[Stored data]
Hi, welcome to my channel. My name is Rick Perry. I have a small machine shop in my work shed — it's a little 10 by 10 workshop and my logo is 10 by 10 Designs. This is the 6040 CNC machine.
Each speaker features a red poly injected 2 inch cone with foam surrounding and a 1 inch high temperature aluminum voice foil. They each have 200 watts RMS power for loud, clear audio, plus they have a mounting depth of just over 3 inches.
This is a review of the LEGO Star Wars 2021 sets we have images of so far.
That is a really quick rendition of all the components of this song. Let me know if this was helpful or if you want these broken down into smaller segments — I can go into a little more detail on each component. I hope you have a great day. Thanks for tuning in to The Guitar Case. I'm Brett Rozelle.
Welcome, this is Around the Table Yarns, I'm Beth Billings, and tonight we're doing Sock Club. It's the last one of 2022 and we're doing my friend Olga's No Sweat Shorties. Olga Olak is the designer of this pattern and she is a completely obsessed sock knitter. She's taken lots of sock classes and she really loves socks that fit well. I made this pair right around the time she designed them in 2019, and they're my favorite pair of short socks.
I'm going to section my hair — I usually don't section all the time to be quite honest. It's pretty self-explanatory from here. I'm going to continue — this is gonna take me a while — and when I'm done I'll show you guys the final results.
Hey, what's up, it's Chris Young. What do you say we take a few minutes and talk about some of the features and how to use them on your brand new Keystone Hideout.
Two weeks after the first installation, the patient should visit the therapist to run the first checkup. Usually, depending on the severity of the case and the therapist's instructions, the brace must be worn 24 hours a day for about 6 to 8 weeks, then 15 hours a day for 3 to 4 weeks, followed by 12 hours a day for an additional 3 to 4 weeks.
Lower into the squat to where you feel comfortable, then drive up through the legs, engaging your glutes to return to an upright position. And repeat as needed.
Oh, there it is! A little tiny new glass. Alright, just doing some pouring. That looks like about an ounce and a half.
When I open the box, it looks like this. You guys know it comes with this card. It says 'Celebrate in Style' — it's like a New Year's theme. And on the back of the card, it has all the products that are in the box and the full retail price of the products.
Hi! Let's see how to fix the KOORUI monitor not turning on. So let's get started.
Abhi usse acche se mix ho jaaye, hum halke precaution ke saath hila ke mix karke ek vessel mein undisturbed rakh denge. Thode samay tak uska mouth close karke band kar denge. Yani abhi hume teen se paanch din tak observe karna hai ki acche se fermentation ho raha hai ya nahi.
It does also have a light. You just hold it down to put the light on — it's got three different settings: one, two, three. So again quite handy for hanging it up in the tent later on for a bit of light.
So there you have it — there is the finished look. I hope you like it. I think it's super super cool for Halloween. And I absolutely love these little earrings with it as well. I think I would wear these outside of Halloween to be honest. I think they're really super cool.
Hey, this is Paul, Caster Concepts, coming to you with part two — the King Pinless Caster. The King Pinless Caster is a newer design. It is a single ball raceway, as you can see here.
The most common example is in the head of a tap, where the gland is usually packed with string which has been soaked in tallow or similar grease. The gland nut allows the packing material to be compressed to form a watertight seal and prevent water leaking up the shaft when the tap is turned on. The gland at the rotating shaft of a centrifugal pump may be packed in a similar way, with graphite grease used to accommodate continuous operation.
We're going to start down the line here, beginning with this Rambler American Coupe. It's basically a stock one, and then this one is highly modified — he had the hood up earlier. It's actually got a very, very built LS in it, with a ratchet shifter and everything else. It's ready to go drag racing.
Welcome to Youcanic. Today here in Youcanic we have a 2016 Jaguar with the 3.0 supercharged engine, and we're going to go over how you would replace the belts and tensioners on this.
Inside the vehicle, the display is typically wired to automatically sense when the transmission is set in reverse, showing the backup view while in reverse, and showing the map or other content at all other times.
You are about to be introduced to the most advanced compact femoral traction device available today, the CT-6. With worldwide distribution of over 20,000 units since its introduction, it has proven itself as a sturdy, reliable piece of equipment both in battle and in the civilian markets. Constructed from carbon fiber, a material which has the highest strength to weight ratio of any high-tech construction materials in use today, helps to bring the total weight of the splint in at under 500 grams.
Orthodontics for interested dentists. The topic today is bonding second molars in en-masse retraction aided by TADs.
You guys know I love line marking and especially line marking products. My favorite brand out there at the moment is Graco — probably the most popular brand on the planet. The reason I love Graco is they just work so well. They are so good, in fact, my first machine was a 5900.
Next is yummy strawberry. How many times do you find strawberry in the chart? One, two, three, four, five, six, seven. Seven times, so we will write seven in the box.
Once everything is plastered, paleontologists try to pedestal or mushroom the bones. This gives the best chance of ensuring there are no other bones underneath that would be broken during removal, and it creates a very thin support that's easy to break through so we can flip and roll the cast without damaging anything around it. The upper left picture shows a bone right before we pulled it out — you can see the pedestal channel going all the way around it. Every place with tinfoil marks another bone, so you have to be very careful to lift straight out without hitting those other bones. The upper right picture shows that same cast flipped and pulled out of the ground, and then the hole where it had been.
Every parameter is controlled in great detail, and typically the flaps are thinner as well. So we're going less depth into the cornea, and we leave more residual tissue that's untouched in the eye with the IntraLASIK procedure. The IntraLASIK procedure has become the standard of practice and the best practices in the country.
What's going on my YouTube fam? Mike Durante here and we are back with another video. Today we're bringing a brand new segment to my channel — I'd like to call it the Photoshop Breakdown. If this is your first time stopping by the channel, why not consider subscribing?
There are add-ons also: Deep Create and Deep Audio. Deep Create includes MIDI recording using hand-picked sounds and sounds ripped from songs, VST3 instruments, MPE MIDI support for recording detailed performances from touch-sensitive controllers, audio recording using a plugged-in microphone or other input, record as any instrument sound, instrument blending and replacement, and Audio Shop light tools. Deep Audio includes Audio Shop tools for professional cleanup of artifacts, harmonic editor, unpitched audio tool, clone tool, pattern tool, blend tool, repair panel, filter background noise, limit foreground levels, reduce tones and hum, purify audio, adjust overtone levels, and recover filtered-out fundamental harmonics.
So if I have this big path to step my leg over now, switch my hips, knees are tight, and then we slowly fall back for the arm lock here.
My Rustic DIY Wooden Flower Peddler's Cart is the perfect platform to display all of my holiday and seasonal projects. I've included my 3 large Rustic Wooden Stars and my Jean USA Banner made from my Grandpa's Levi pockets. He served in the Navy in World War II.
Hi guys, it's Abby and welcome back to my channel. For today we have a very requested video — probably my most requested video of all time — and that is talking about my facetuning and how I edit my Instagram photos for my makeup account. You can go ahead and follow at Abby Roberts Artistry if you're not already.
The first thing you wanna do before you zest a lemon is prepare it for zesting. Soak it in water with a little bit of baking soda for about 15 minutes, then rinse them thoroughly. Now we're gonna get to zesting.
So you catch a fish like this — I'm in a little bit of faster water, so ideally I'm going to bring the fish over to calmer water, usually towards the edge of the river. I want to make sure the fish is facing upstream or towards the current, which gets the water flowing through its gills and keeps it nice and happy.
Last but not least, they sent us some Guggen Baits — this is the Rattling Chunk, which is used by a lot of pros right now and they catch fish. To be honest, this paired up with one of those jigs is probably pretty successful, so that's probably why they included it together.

▶ [Your objective]:
What lines hold the string "everything"? Pick them out of the data.

▶ [Exercise response]:
We're going to start down the line here, beginning with this Rambler American Coupe. It's basically a stock one, and then this one is highly modified — he had the hood up earlier. It's actually got a very, very built LS in it, with a ratchet shifter and everything else. It's ready to go drag racing.
Once everything is plastered, paleontologists try to pedestal or mushroom the bones. This gives the best chance of ensuring there are no other bones underneath that would be broken during removal, and it creates a very thin support that's easy to break through so we can flip and roll the cast without damaging anything around it. The upper left picture shows a bone right before we pulled it out — you can see the pedestal channel going all the way around it. Every place with tinfoil marks another bone, so you have to be very careful to lift straight out without hitting those other bones. The upper right picture shows that same cast flipped and pulled out of the ground, and then the hole where it had been.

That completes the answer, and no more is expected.